Tuesday, 10 July 2012

Does procurement as a shared service add up?

Back in 2008 I had a paper published on Procurement as a shared service (let me know if you want a copy).  That paper examined case study evidence from six local government procurement shared services (14 councils);  it concluded that delivering procurement through a shared service did add up.  The case studies included the financial savings reported. Savings that went beyond those which could have been achieved through other routes, including the use of consortia.  It also highlighted some of my concerns, for example, none of the case study shared services had developed a joint procurement strategy, the need to develop trust slowly and incrementally, and the need to consider what happens when the political objectives of the partners diverge.  Nevertheless, I remained convinced that delivering procurement as a shared service does make sense as one option to be explored, and, when it when the circumstances are appropriate, implemented.

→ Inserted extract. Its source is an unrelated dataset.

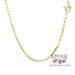 21.5” 18ky gold 2mm cable chain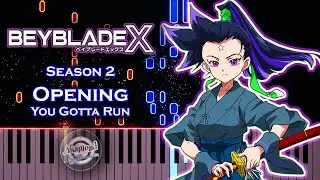 Beyblade X Season 2 Opening Piano Cover - Beyblade X OP 2 You Gotta Run Piano Tutorial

So it was with some interest I discovered that the Public Accounts Committee concluded Whitehall's approach to shared services didn't add up, and that's despite originally being advocated by the Gershon Review back in 2004. But let's remember that Gershon's argument was based on securing access to scarce procurement expertise.

The PAC report however appears to be using the same language but means something different.  Shared services in PACs view is a shared service centre - that certainly wasn't what I found in my local government research.  What I'd found was
people and organisations working collaboratively.  The shared service was shared people, shared expertise and shared buying power. The shared services I examined were not shared transactional services.  If we merely look at sharing transactional processes why not just outsource?  That way you can avoid costly computer systems and their need for integration and kit and focus on the real strategic delivery of the service, for example, a strategic procurement service.  Indeed when we hear so much about the demise of 'big government' should shared service centres really have an 'in-house future'?

Margaret Hodge, who chairs PAC was obviously annoyed with central government apparent waste of money.  She still remains convinced in the value of shared services:
Government could save significant sums of money if it pooled back office functions such as finance, HR and procurement. Securing efficiency savings is essential to protect public services from further cuts that could otherwise have been avoided.
But I really think we need to revisit what we mean by a shared procurement service.  If it is shared scarce procurement expertise - yes, the evidence stacks up from local government. If it is shared purchasing transactional services then we are talking about an entirely different thing and the discussion needs to be within the 'make or buy' context.